The main problem faced by developers of quantum machines is the so-called "idle noise." In modern systems, for error correction, the processor is forced to regularly pause computations for internal checks. During these pauses, the remaining qubits lose stability, generating new errors. This effect has long remained a key obstacle to creating fault-tolerant quantum computers (FTQC).

To solve this problem, physicists completely reworked the system's operational logic. They radically reduced computation pause time by optimizing intermediate measurement algorithms. As a result, on the 156-qubit superconducting processor IBM Heron r2, the survival rate of logical qubits was raised from less than 90% to 96%. This is not just a number—it is a demonstration that "idle noise" can be effectively suppressed, not merely compensated.

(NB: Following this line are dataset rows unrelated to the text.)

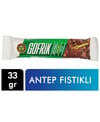 Kahve Dünyası Gofrik Antep Fıstıklı Sütlü Çikolata Kaplamalı Gofret 33 G X 24'lü Paket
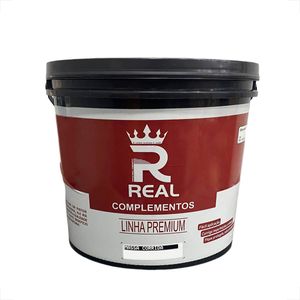 MASSA PVA CORRIDA REAL BALDE 25 KG
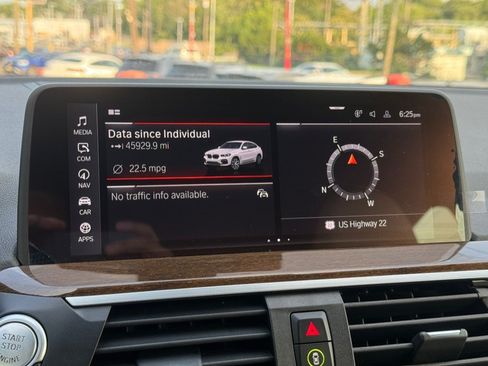 Used 2021 BMW X4 xDrive30i w/ EXECUTIVE PACKAGE w/ Premium Package AWD/4WD image 54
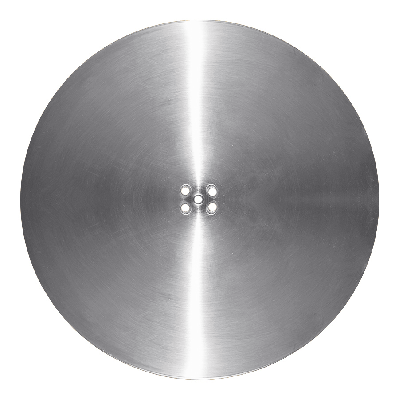 base only prague disc 720mm s/s 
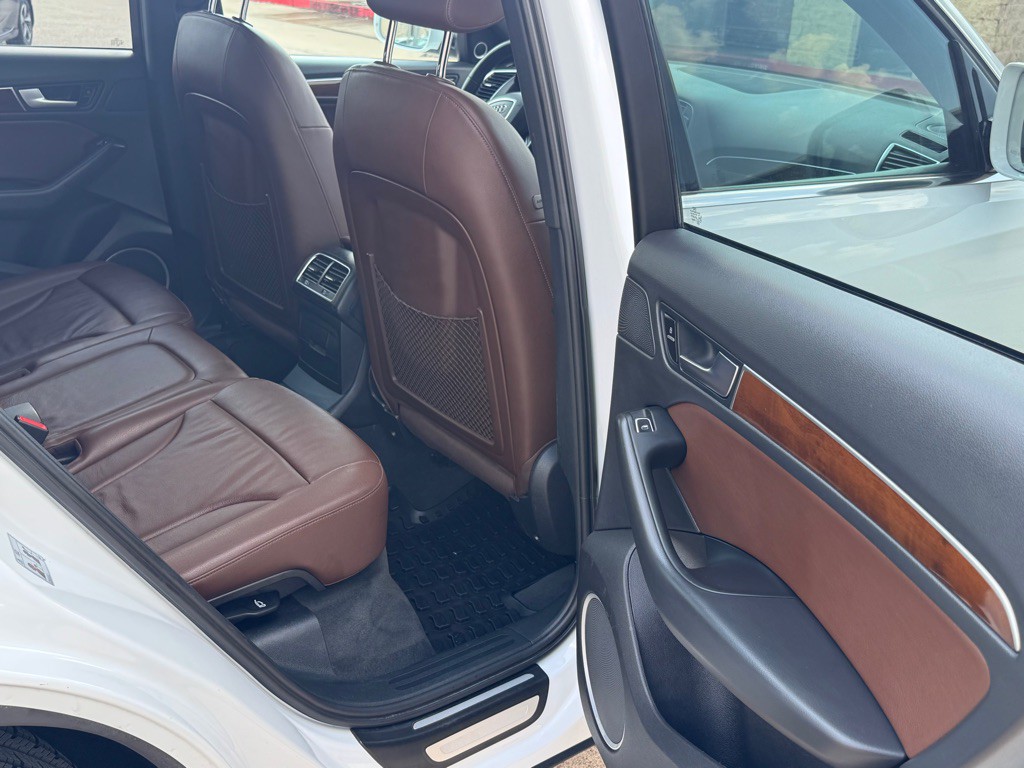 2016 Audi Q5 Image 33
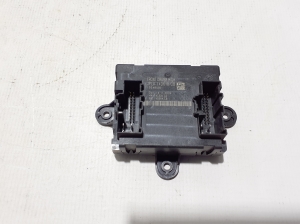   Türsteuergerät vorn  - JPLA14D618CB 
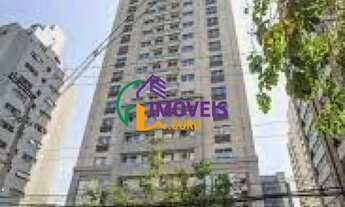 Imagem: CONJ. COMERCIAL - ITAIM BIBI - SP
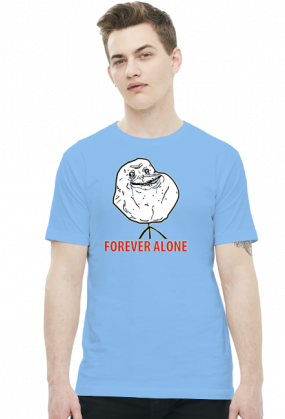 DlaPar - Forever Alone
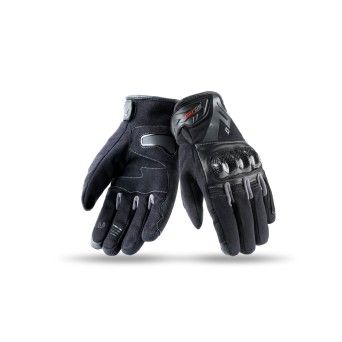 SEVENTY WINTER GLOVES SD-N19 NAKED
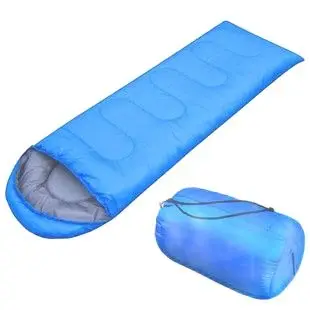 

Ultralight Outdoor Envelope Sleepingbag Camping Sleepingbag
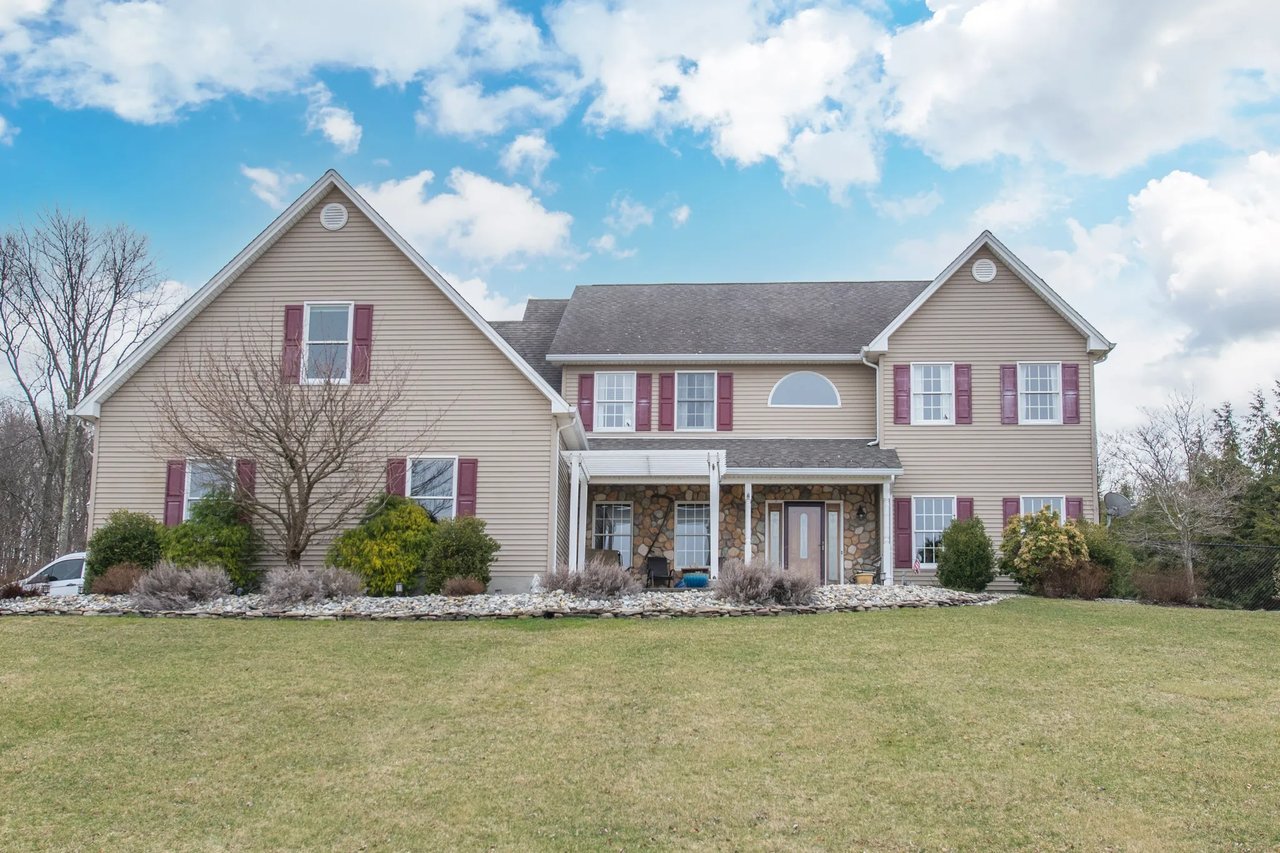 34 Dyer Rd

As the project leader emphasized, the correction process occurs multiple times at each stage of computation, and each forced pause creates a "serious obstacle" to reliable operation. The new architecture minimizes these pauses, which is critically important for scaling systems.

It is important to understand that this result was obtained in laboratory conditions on a single processor. However, it is precisely such research that lays the foundation for the future. Scalability and fault tolerance remain the main barriers to the commercialization of quantum computing, and every percentage point increase in qubit preservation brings us closer to solving this problem.

Expert opinion: Achieving 96% survival is not just an incremental improvement but a paradigm shift in the fight against decoherence. If this method can be scaled to processors with thousands of qubits, we will witness the first practical quantum advantage within the next couple of years. IBM is likely on the right track toward its stated goal—the end of 2026.